L'arte come strumento di difesa per i più deboli. Intervista a Massimo Bramandi
Massimo Bramandi, classe 1980, è napoletano di nascita, ma castellano di adozione. Massimo, per chi non lo conoscesse, è un vero talento e la sua ricerca coinvolge diverse espressioni artistiche: dalla pittura, alla grafica e alla scultura. Attraverso qualche domanda abbiamo cercato di capire cosa vuol dire essere un’artista al giorno d’oggi, chiedendogli del suo modo di lavorare e dei suoi prossimi progetti
Come ha avuto origine la sua passione per l’arte?
«La mia passione nasce fin da quando ero bambino, grazie a mio padre e ai lunghi pomeriggi passati con lui a dipingere, mentre i miei compagni magari preferivano giocare a pallone. Nel 1985 a Roma, insieme a mio padre, sono andato alla mostra “Come mosche nel miele” di Renzo Vespignani, dove mi sono messo a ricopiare una delle sue opere sul mio blocco degli schizzi. Subito attorno a me si formò una folla di curiosi, sorpresi dalla mia giovane età. Lo stesso artista fece i complimenti a me e a mio padre per il mio talento. Da quel giorno ho capito che quella sarebbe stata la mia strada.
Da piccolo sognava questo o le sarebbe piaciuto fare altro?
«Un’altra delle mie giovani passioni, appresa al “naturale” grazie al mio orecchio assoluto, è quella per il pianoforte. Ho scelto di coltivare le mie abilità artistiche, ma non ho abbandonato il mio amore per la musica. Infatti, ogni qual volta ne ho l’occasione, mi diletto a suonare il pianoforte.
Come nasce l’idea e dove prende l’ispirazione per la realizzazione di una nuova opera?
«Penso che gli artisti siano delle “spugne” che assorbono la linfa dalla realtà che li circonda. Mi sono reso conto sempre più negli anni che qualsiasi mia esperienza, anche lontana nel passato, si è sempre ripresentata nelle mie opere in forma più o meno esplicita. L’ispirazione nasce dall’esterno, ma senza una rielaborazione attraverso l’interiorità di un artista rimarrà sempre e solo un concetto astratto.
Quali sono i temi e i materiali da lei più rappresentati e utilizzati?
«I temi delle mie opere sono principalmente a sfondo sociale e civile, in quanto ritengo che l’arte debba essere strumento di difesa per i più deboli. Per quanto riguarda i materiali, sono cresciuto con l’olio su tela, ma con le mie esperienze all’estero, in particolare durante i miei anni tedeschi, ho sperimentato vari materiali per la mia specializzazione scultorea.

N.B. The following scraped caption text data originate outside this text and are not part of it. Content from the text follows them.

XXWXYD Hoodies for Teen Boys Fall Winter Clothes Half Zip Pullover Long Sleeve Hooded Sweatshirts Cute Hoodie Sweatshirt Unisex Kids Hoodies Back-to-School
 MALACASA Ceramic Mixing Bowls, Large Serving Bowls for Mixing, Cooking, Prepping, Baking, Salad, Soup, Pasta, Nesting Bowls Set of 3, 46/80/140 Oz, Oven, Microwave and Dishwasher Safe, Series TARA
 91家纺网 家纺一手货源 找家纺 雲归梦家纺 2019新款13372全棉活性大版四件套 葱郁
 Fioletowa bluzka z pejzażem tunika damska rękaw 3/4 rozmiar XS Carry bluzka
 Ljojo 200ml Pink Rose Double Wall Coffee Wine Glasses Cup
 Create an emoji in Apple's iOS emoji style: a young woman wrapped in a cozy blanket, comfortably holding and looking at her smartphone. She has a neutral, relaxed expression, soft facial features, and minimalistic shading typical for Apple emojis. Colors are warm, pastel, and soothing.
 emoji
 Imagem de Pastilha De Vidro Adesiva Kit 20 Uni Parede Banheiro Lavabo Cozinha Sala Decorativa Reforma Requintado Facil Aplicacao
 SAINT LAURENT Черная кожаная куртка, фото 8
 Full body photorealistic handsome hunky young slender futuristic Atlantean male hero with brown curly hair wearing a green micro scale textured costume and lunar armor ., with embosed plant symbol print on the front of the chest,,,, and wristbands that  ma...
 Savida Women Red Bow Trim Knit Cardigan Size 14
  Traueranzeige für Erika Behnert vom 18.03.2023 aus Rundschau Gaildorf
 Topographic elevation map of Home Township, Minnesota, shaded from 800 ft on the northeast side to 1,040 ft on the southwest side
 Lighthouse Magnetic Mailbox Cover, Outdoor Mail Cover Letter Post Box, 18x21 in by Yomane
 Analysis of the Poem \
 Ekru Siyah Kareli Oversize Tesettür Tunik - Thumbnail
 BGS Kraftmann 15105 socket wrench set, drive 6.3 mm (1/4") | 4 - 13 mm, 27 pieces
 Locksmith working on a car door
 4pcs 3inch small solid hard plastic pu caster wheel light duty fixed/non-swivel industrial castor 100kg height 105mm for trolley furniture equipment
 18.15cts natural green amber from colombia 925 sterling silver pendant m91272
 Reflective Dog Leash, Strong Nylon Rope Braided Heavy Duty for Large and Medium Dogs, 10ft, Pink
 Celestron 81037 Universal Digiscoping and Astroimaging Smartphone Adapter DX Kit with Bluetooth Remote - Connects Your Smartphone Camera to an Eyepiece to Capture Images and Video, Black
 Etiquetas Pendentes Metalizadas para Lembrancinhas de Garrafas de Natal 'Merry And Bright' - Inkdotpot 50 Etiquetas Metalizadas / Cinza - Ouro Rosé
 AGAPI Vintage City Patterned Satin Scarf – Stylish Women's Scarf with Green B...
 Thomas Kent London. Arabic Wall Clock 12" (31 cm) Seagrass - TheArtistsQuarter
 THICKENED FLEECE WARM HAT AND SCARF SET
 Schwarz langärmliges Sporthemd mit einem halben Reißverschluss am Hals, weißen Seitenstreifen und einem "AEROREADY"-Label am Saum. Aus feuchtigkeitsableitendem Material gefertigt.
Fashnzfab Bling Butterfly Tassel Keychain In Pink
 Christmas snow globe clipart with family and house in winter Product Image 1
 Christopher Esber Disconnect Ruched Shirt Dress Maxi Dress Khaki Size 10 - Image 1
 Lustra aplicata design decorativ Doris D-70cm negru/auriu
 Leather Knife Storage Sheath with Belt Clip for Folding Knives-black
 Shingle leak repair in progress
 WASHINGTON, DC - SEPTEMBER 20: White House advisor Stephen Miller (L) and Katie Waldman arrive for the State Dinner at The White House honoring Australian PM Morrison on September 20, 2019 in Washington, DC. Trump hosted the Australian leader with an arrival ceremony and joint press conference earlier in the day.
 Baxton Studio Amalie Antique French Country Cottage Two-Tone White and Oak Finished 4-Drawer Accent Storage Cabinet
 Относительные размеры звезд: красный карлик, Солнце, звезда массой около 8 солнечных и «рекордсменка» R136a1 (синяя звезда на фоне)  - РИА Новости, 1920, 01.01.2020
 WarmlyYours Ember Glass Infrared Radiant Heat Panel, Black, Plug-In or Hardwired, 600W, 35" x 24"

Che rapporto ha con gli altri artisti?
«Amo il confronto con gli altri artisti. Purtroppo, però, il mondo dell’arte è avaro di altruismo ed è colmo di competitività, soprattutto nell’epoca moderna.
Cos’è per lei l’arte e cosa rappresenta?
«L’arte è prima di tutto trasmettere emozioni. L’arte è creare qualcosa di unico e irripetibile, qualcosa che lasci un’impronta del passaggio su questa terra dell’essere umano. L’arte racconta un’epoca ai posteri sintetizzando in sé le caratteristiche del periodo storico che l’ha vista nascere. Nel mio caso, l’arte è uno strumento per affrontare tematiche civili e sociali e far riflettere su di esse.
Qual è il progetto o l’opera alla quale lei è maggiormente legato?
«Indubbiamente è l’opera “Gli Invisibili”, appartenente alla collezione “L’Immagine Riflessa”, dedicata agli operai cassintegrati della Shelbox, azienda locale che fallendo ha lasciato senza lavoro 147 operai e quindi senza sostentamento altrettante famiglie. Proprio con quest’opera ho sentito il culmine del mio impegno civile e sociale.
Progetti presenti e futuri?
«In questo momento sto sviluppando la mia ricerca artistica in direzione del rapporto tra l’artista e la natura per una delle kermesse internazionali più importanti. Il futuro mi vedrà coinvolto in molti eventi al fianco del professor Vittorio Sgarbi, che curerà una mia mostra nel 2018, ma che affiancherà anche un nuovo progetto con cadenza annuale che vedrà coinvolte altre personalità illustri del mondo dell’arte e non solo.